The outburst of anti-Americanism sweeping much of the Arab world was ignited by an off-the-wall film insulting Muhammad, but the underlying outrage is fed by decades of resentment against the U.S. and its ally, Israel.

Nothing fueled that anger more than the massacre of what’s estimated to be 800 to 2,000 Palestinians in the Sabra and Shatila refugee camps in Beirut on Sept. 16-18, 1982.

An Op-Ed in The New York Times on Sunday detailing U.S. complicity in that slaughter is a must-read for anyone trying to fathom the dynamics between Israeli and American leaders. It is eerily relevant to the current virulent demands of Israeli Prime Minister Benjamin Netanyahu that the U.S. support a military strike against Iran’s nuclear facilities.

Recently declassified Israeli files, analyzed by Seth Anziska, a doctoral candidate at Columbia University and the Op-Ed’s author, reveal the bare-knuckle discussions between U.S. and Israeli leaders 30 years ago, as American officials were essentially bullied and browbeaten to do nothing to prevent the rape, slaughter and dismemberment of the Palestinians, nearly all of them women, children and elderly men.

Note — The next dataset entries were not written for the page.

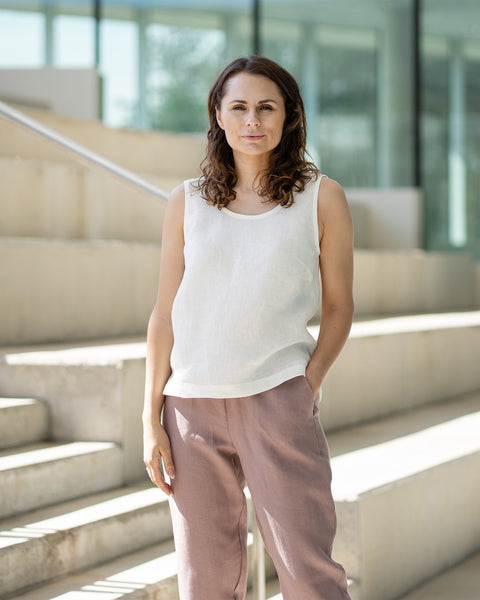A woman with brown, shoulder-length hair, wearing a white sleeveless top and faded rose trousers, stands on concrete stairs inside a building with glass walls.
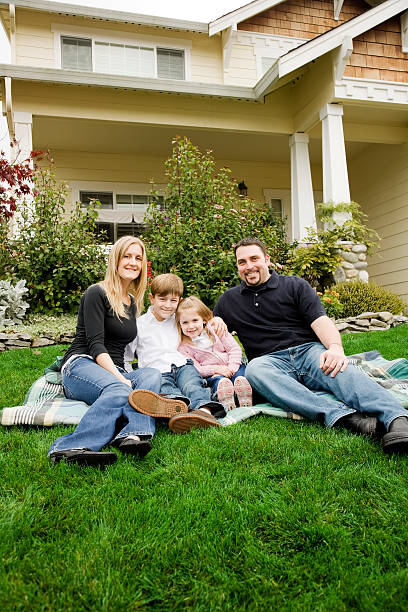 istock Happy Young Family at Home in Front Yard 172414531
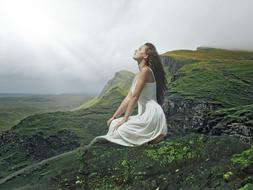 woman in white sundress among green mountains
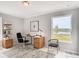 Comfortable home office featuring wood-look flooring and natural lighting at 3028 Water Clover Ct, Apopka, FL 32712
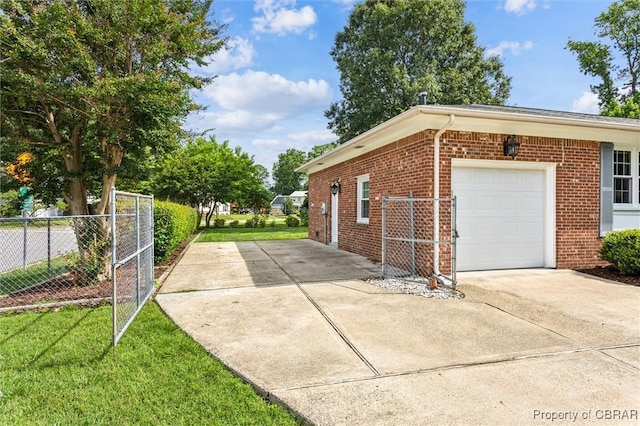 1 Beacon Cir, Hampton, VA 23664 - view of side of property with brick siding, concrete driveway, and a garage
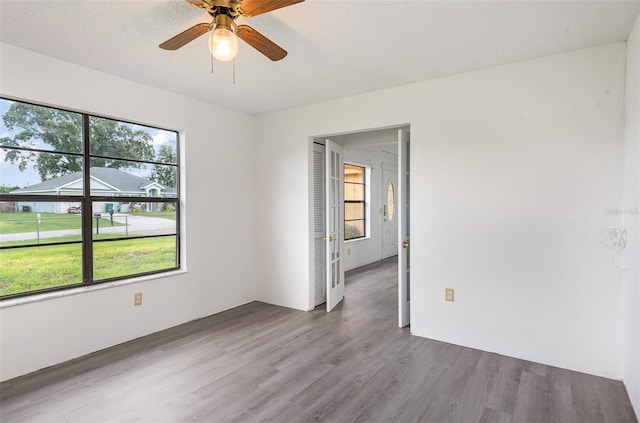 unfurnished room with a textured ceiling, wood-type flooring, and ceiling fan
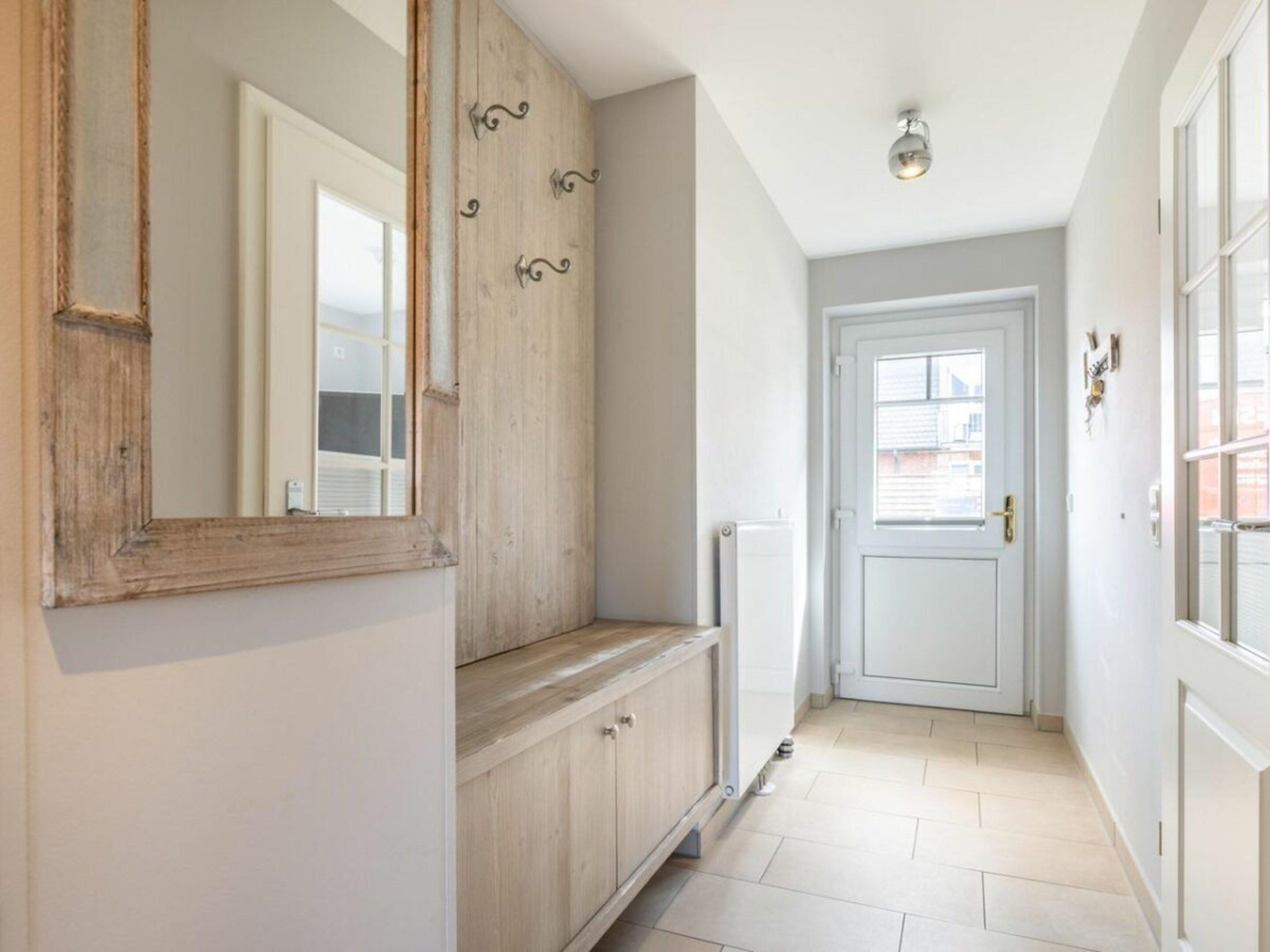 A hallway with a wooden cabinet, a radiator, and a white door.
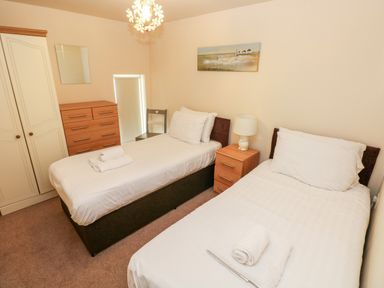 A bedroom with two single beds a wooden wardrobe a chest of drawers and a bedside table with a lamp at The Old Farm House in Redberth near Pentlepoir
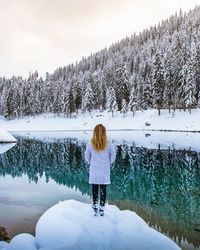 Rear view of woman standing on snow by lake in forest during winter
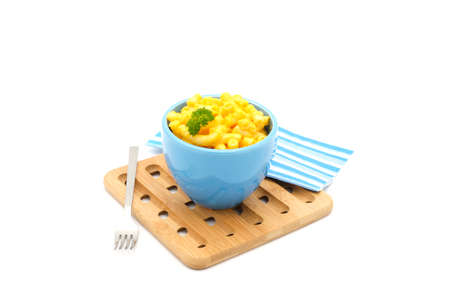 Blue bowl of creamy macaroni and cheese photographed on a white background.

The killings went on for three days while Israeli troops surrounded the camps, their flares lighting the cramped, ramshackle streets and homes within.

The massacre was carried out by fanatical right-wing Christian Phalangist militias, allied with the Israelis, who had invaded Lebanon in June 1982. Israel’s goal was to eradicate the PLO, which had set up a state within a state in Lebanon, and to ensure the rule of the country by Israel’s Lebanese Christian allies. Ultimately, President Reagan dispatched several hundred U.S. Marines to Beirut to help establish a cease-fire and oversee the evacuation of thousands of Palestinian fighters to other Arab countries.

But after Israel’s ally, Bashir Gemayel, was assassinated, the Israelis broke the truce and occupied West Beirut where thousands of Palestinian civilians were still living.

Israeli leaders claimed the presence of the Israel Defense Forces was necessary because there were still thousands of “Palestinian terrorists” in West Beirut. But U.S. officials had helped coordinate the withdrawal of thousands of Palestinian fighters a month earlier. They knew the Israeli claim was false and they feared a massacre if the Phalange militias were allowed into the Palestinian camps. Many top Israelis had the same fears.

On Sept. 17, 1982, American envoy to the Mideast Morris Draper and U.S. Ambassador to Israel Samuel Lewis met with Gen. Ariel Sharon and other Israeli officials to attempt to force an Israeli withdrawal from West Beirut.

According to Anziska, “The transcript of the Sept. 17 meeting reveals that the Americans were browbeaten by Mr. Sharon’s false insistence that ‘terrorists’ needed ‘mopping up.’ It also shows how Israel’s refusal to relinquish areas under its control, and its delays in coordinating with the Lebanese National Army, which the Americans wanted to step in, prolonged the slaughter.”

Anziska writes that Sharon, who knew that the Phalange forces had already moved into the camps, assured the Americans that “nothing will happen. Maybe some more terrorists will be killed. That will be to the benefit of all of us.”

Sharon went on to declare, “So, we’ll kill them. They will not be left there. You are not going to save them. You are not going to save these groups of the international terrorism.”

And when the Americans continued to insist on an Israeli withdrawal, Anziska writes, “Mr. Sharon exploded again: ‘When it comes to our security, we have never asked. We will never ask. When it comes to existence and security, it is our own responsibility and we will never give it to anybody to decide for us.’ “

Once the extent of the massacre had become known, U.S. officials from Reagan on down expressed their outrage but, writes Anziska, “The transcript of Mr. Draper’s meeting with the Israelis demonstrates how the United States was unwittingly complicit in the tragedy of Sabra and Shatila.”

The fallout from the killings was an enormous blow to U.S. influence and prestige in the region, which plummeted even further with the bombing of the Marine barracks in Beirut in October 1983 and the humiliating withdrawal of the Marines from Lebanon.

“The lesson of the Sabra and Shatila tragedy is clear,” concludes Anziska. “Sometimes close allies act contrary to American interests and values. Failing to exert American power to uphold those interests and values can have disastrous consequences for our allies, for our moral standing and, most important, for the innocent people who pay the highest price of all.”

What Anziska fails to examine in his Op-Ed is the extent to which American officials at the time were not just being confronted by militant Israeli leaders but also by the powerful pro-Israel lobby back in Washington. It’s a good bet that AIPAC and its allies — publicly and behind the scenes — were also demanding that Israel be given a free hand.

Those same volatile dynamics are playing out today, 30 years later, as intimidated American officials confront a blustering Israeli prime minister demanding that the U.S. join in an attack against Iran.